The park is beautiful. Even without the historical connection to Jack London, the park would make for a pleasant visit of picnicking and hiking. As with most all state parks, there is a use fee ($8 per car). Considering we had just been to The Petrified Forest in the morning ($8 per person for a half-mile trail), this fee seemed very reasonable given the miles of hiking trails, well preserved historical buildings filled with artifacts from London's life of travel, and friendly rangers willing to answer questions.

The Jack London sites to visit in the park can divided into three parts: The Londons' ranch home, the Museum where the historical landmark plaque is located, and the ruins of Wolf House. The ranch home is staged with many of the Londons' furnishings and you can see his office where he wrote many of his later works. The museum contains many artifacts from Jack Londons' world travels. From the museum, one can hike to the Wolf House ruins. The Wolf House was intended to replace the ranch home as the Londons' residence. Unfortunately, it burned during construction and Jack London passed away before any reconstruction could begin. On the way to Wolf House, there is a short path to Jack London's grave site where his ashes rest under a mossy rock.

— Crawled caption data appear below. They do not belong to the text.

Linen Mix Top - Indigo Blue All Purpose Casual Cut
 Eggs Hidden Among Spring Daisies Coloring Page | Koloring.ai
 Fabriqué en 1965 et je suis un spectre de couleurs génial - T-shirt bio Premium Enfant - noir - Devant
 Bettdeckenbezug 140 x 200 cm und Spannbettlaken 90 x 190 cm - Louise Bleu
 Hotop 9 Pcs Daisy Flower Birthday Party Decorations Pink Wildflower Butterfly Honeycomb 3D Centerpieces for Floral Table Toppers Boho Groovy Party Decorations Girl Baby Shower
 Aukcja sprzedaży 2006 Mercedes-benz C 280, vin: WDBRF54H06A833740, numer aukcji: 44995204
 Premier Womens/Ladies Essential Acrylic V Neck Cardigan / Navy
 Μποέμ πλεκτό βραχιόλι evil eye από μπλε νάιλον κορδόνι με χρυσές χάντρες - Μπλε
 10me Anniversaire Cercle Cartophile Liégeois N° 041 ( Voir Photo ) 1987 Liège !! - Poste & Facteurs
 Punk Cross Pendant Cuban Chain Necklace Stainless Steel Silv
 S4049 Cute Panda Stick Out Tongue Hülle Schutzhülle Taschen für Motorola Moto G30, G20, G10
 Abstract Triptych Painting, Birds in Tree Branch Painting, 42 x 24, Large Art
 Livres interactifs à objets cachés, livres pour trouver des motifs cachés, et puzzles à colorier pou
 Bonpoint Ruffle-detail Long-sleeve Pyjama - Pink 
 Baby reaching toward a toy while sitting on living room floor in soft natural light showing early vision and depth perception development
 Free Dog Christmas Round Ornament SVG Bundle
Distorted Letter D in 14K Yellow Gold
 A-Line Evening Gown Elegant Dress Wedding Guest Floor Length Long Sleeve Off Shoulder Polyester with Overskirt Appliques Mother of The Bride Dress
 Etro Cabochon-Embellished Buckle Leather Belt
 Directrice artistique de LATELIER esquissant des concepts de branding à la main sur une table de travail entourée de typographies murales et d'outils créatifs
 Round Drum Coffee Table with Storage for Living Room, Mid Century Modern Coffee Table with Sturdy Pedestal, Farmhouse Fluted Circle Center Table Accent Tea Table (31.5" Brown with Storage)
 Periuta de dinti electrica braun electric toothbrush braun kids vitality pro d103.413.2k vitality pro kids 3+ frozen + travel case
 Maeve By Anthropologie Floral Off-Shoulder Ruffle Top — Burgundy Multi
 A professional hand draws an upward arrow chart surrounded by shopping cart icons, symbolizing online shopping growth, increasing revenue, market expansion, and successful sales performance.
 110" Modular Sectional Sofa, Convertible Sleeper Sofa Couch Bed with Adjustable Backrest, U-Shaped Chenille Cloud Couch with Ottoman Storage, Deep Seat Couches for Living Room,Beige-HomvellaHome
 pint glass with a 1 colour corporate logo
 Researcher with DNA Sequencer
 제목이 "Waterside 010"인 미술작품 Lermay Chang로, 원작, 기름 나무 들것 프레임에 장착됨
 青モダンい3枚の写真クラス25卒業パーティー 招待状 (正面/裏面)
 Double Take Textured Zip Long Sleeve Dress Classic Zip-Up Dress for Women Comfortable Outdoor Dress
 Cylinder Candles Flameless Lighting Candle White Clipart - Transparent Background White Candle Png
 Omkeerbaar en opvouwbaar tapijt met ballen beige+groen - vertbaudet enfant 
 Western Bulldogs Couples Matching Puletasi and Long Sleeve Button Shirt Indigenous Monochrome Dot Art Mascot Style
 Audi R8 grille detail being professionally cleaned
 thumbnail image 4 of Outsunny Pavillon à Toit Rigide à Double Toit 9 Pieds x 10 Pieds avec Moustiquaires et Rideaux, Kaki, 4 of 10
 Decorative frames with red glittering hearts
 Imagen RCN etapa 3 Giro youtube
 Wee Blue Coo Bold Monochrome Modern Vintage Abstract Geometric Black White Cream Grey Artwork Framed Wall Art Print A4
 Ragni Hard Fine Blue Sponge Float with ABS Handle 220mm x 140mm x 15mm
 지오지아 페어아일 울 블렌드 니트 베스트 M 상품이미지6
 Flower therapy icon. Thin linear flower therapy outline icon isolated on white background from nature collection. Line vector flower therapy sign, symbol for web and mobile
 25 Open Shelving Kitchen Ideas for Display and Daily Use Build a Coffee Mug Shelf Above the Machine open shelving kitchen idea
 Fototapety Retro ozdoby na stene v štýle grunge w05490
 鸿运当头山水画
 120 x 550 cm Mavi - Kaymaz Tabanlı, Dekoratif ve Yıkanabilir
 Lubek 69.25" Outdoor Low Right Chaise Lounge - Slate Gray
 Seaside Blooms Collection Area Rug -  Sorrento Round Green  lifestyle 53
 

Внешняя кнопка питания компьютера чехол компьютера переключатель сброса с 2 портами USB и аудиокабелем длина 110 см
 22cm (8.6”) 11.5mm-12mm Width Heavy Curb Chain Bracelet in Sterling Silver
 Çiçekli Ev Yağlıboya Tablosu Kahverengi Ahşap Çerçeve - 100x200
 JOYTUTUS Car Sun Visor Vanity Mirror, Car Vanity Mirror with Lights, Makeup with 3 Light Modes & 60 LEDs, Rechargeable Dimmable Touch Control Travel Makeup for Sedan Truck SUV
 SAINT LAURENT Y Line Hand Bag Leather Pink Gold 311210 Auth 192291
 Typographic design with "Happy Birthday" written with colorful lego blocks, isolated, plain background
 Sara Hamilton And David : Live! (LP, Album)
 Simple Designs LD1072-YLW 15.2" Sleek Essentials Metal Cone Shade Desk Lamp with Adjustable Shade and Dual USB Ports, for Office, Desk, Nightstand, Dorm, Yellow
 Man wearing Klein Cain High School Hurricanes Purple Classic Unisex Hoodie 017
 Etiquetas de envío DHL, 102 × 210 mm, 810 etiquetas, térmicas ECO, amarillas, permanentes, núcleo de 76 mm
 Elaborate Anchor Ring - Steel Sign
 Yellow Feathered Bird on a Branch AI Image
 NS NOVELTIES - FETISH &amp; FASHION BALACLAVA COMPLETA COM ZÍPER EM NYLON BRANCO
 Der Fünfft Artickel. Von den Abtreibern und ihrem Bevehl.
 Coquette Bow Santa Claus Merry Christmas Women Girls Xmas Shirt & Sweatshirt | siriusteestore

Side Note: In The Valley of the Moon
Having visited London's ranch in the Valley of the Moon, I decided to read one of the books he wrote while residing there: The Valley of the Moon. I found it a curious book about Saxon and Billy, wife and husband, who find it hard going in Oakland and take to the road in search of a rural utopia. The first half of the book is about the challenges of urban life and the travails of unionized labor of the day. The second half is an agrarian journey around the Bay Area during which the hapless protagonists encounter farmers that are taking a more sustainable approach to the land and who are more than happy to share their thoughts on good agricultural practices. Many displays of didactic text around the Jack London State Historical Park emphasize London's interest in soil conservation and more sustainable farming practices. The second half of The Valley of the Moon is really a novelized treatise on the right way to farm and make a go of it on the land. Jack Hastings, a Sonoma Valley sustainable farmer who helps guide Saxon and Billy on their journey, is a barely disguised Jack London. And, not surprisingly, just like Jack London, our protagonists find their true happiness in The Valley of the Moon.

The Marker
This is the "House of Happy Walls," built in 1919 by Charmian K. London in memory of her husband, Jack London, renowned author. Here are housed many of his works and the collection gathered in their travels throughout the world. Charmian's house, the ruins of Jack's "Wolf House," and his grave were presented in 1960 to the State of California by his nephew, Irving Shepard.
California Registered Historical Landmark No. 743
Dedicated by the California State Park Commission in cooperation with the citizens of Sonoma County, September 24, 1960.